I talked in a previous blog post about some simple tips that you could use to help keep your tax receipts in order all year long. There’s four basic tips, and they are as follows:
- Have one designated spot to keep all your receipts
- Organize your receipts into groups or categories
- File away your receipts as soon as you get them
- Write down (on the receipt or in a spreadsheet) what the receipt was for
Have you set up your own system yet? If you haven’t done it yet, what are you waiting for? The sooner you get a system set up and running smoothly, the less time you’ll have to spend on organizing everything next year when tax time rolls around again.
I’ll help you out and give you specific instructions of what to do:
- Go buy an accordion file that has at least 24 slots in it OR go buy 30 file folders and some kind of holder for them (whichever you prefer)
- Go buy some labels from your favourite office supply store (get id labels if you bought an accordion file, or get file folder labels if you bought file folders)
- Look up what the allowable business expense categories are according to your government or your accountant (if you’re in Canada get the T2124 form to see what they are)
- Write each expense type on a label (DO NOT create one called “Miscellaneous”, it just creates problems – stick to the known, allowable expenses only)
- Stick the labels on each accordion file slot/file folder
Voila! You have a tax receipt filing system. Now whenever you get a receipt for your business, file it in the appropriate section as soon as you get it so that it doesn’t get lost. AND remember to write what it was for on the receipt.
If you’re feeling really ambitious why not create yourself a spreadsheet to record each receipt? You’ll probably have to make one later anyways. If you create a spreadsheet you will want to have a column for each of these things:
- category (corresponding with your accordion file or file folders)
- where the receipt came from (Staples, Home Hardware, etc.)
- the date on the receipt
- the receipt number (if there is one)
- the total amount paid
- the taxes paid (if you’re in Canada you’ll probably want a column for GST)
- notes (here is where you’d briefly describe what the receipt was for)
And, if you’re feeling really, REALLY ambitious you should think about creating a selection list for your Category column – that way you will be forced to choose one of the categories that you have in your list thereby eliminating spelling mistakes and making it WAY easier to sort your spreadsheet by category later on.

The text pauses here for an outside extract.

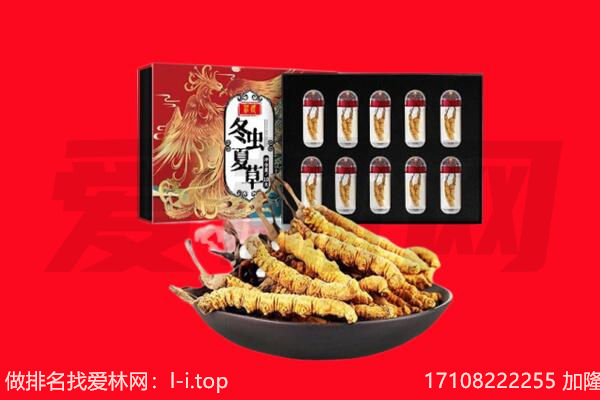 舟山普陀区回收虫草.jpg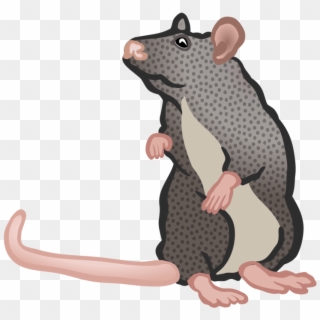 Home Clipart Rat - Ratte Clipart - Png Download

Of course, if the whole spreadsheet thing isn’t up your alley you can get your Virtual Assistant to create one for you. If you like you can even set up a system where you send your receipts to your VA periodically and they can enter the information into your spreadsheet for you. Easy!
So, if you’ve already created your own tax receipt filing system; good on ya! If not, now you’ve got a handy-dandy step by step list to help you get started. What are you waiting for? You’ll thank me next year when your receipts are all ready to go!